ILLUSTRATE shows us our dataflow:

-----------------------------------------------------------------------
| from_to     | from_address:chararray     | to_address:chararray     | 
-----------------------------------------------------------------------
|             | jane.mcbride@enron.com     | tana.jones@enron.com     | 
|             | jane.mcbride@enron.com     | tana.jones@enron.com     | 
-----------------------------------------------------------------------
-----------------------------------------------------------------------------------------------------------------------------------------------------------------------------------------
| by_pair     | group:tuple(from_address:chararray,to_address:chararray)             | from_to:bag{:tuple(from_address:chararray,to_address:chararray)}                                 | 
-----------------------------------------------------------------------------------------------------------------------------------------------------------------------------------------
|             | (jane.mcbride@enron.com, tana.jones@enron.com)                       | {(jane.mcbride@enron.com, tana.jones@enron.com), (jane.mcbride@enron.com, tana.jones@enron.com)} | 
-----------------------------------------------------------------------------------------------------------------------------------------------------------------------------------------
----------------------------------------------------------------------------------------------------------------------------------------
| sent_counts     | id:chararray                         | from_address:chararray     | to_address:chararray     | total_sent:long     | 
----------------------------------------------------------------------------------------------------------------------------------------
|                 | 8d0434e4-b50d-47ac-8278-fc1bb16ad8e4 | jane.mcbride@enron.com     | tana.jones@enron.com     | 2                   | 
----------------------------------------------------------------------------------------------------------------------------------------

Loading Data from HBase with Pig

Loading data from HBase in Pig is easy, and you can pick individual columns or filter the data. Lets look at the top 100 most prolific email relationships, which could be a measure of how strong a relationship is.

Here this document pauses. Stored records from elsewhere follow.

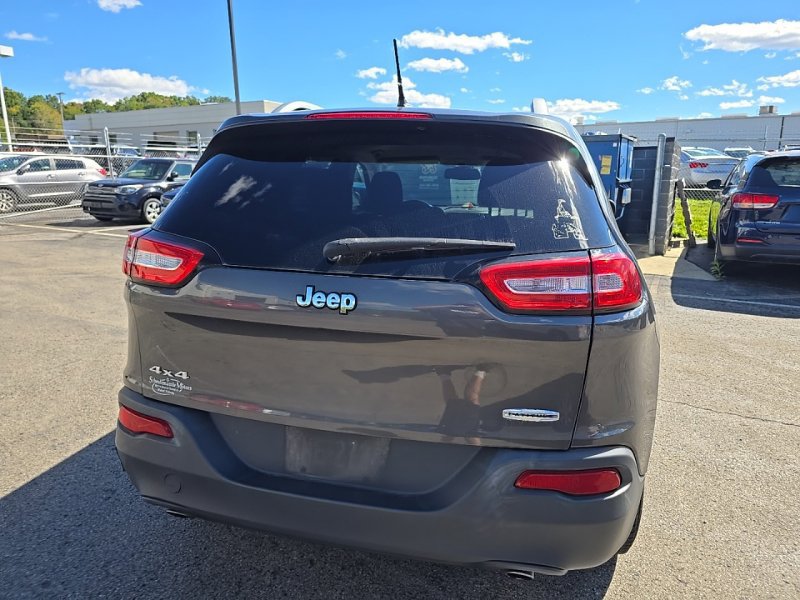 Used 2014 Jeep Cherokee Latitude w/ Cold Weather Group AWD/4WD image 6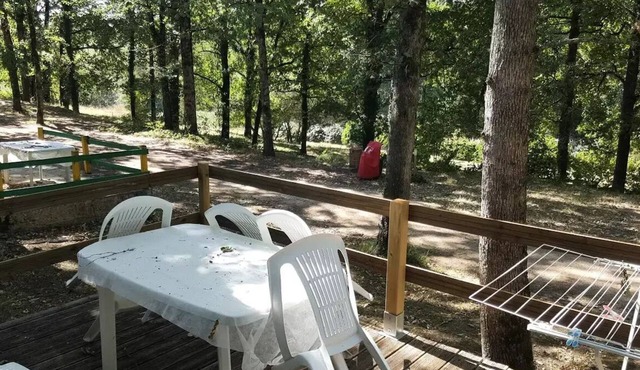 Canvas tent - 2 bedrooms - no bathroom facilities - sleeps 4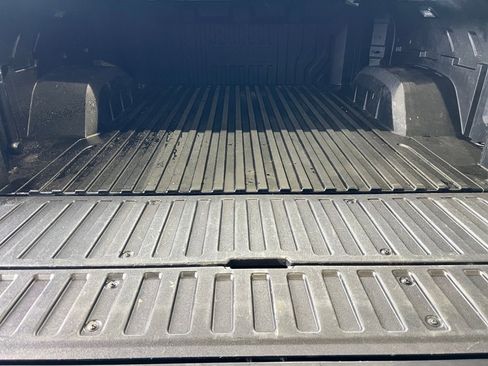 Used 2022 GMC Sierra 1500 AT4 image 5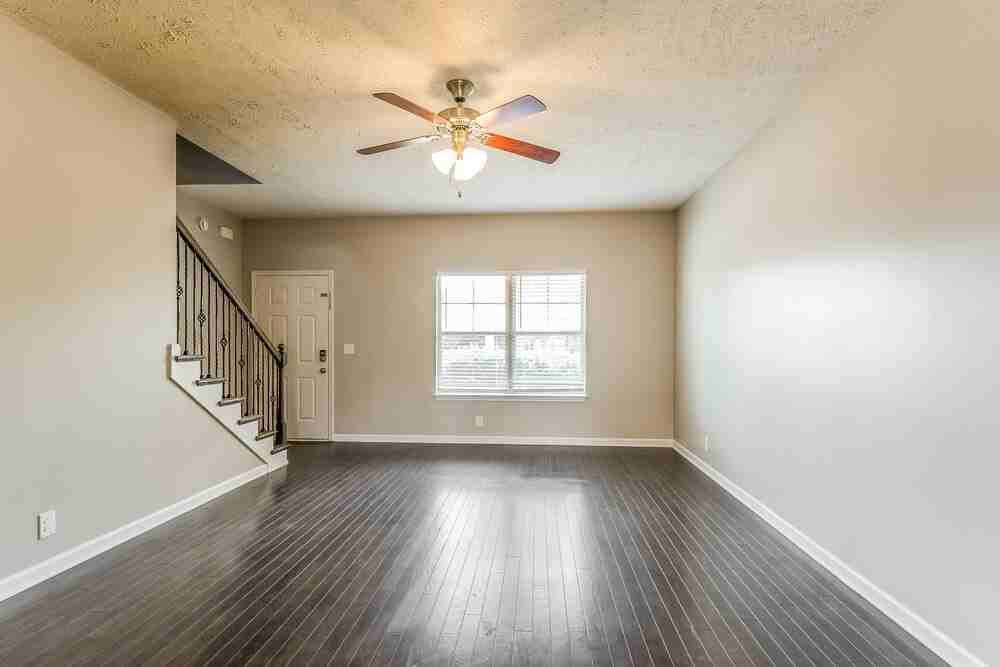 1728 Bellamy Ln - Photo 6 of 17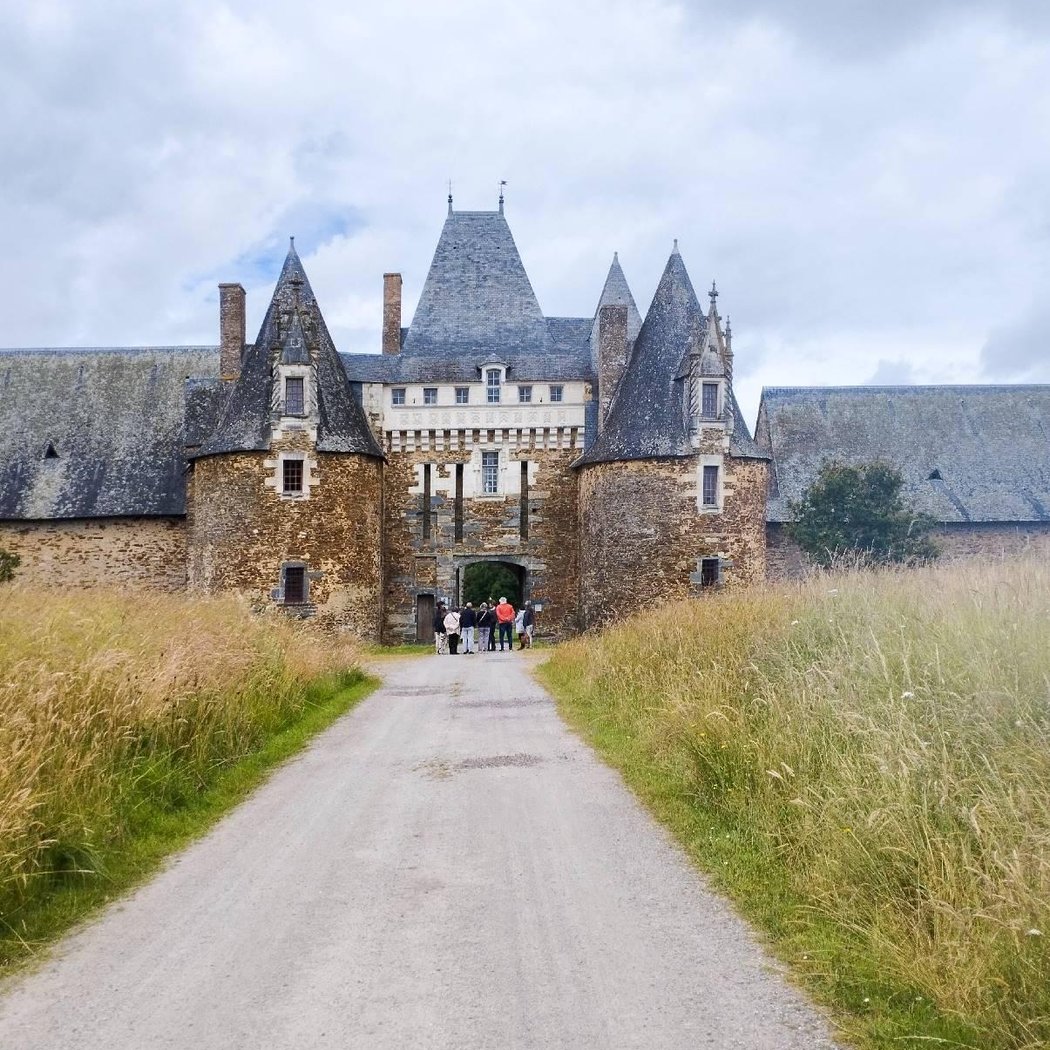 Château de la Motte-Glain 1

/* HBaseStorage shortcut */
register /me/pig/build/ivy/lib/Pig/hbase-0.94.1.jar
register /me/pig/build/ivy/lib/Pig/zookeeper-3.3.3.jar
register /me/pig/build/ivy/lib/Pig/guava-11.0.jar
 
/* Grab the top 100 most prolific email relationships from HBase and dump them. */
address_pairs = LOAD 'hbase://enron4' using 
  org.apache.pig.backend.hadoop.hbase.HBaseStorage('address.pairs:from_address address.pairs:to_address address.pairs:total_sent')
  as (from_address:chararray, to_address:chararray, total_sent:long);
sorted = order address_pairs by total_sent DESC;
top_100 = limit address_pairs 100;
dump top_100
(pete.davis@enron.com,pete.davis@enron.com,4489)
(vince.kaminski@enron.com,vkaminski@aol.com,1143)
(jeff.dasovich@enron.com,susan.mara@enron.com,935)
(jeff.dasovich@enron.com,paul.kaufman@enron.com,879)
...

Pig UDFs in JRuby

Checkout the id:chararray field in the above example. We created that with a JRuby UDF.

Pig added JRuby UDFs in version 0.10.0. Writing UDFs in JRuby is much simpler than in Java. Our UDF class in udf.rb looks like this:

require 'pigudf'
require 'lib/data_utils'
 
# Refer to our Utils class to share JRuby code between Pig and Sinatra
class Udfs &lt; PigUdf  
  outputSchema "uuid:chararray"
  def uuid()
    DataUtils.uuid()
  end
end

Notice how we employ an external utility class, which in turn calls Java’s java.util.UUID.randomUUID().toString() method. We put our code in a utility class called DataUtils so that it might be shared with other applications, like our Sinatra web app. Code sharing between Hadoop and other systems using JRuby is efficient.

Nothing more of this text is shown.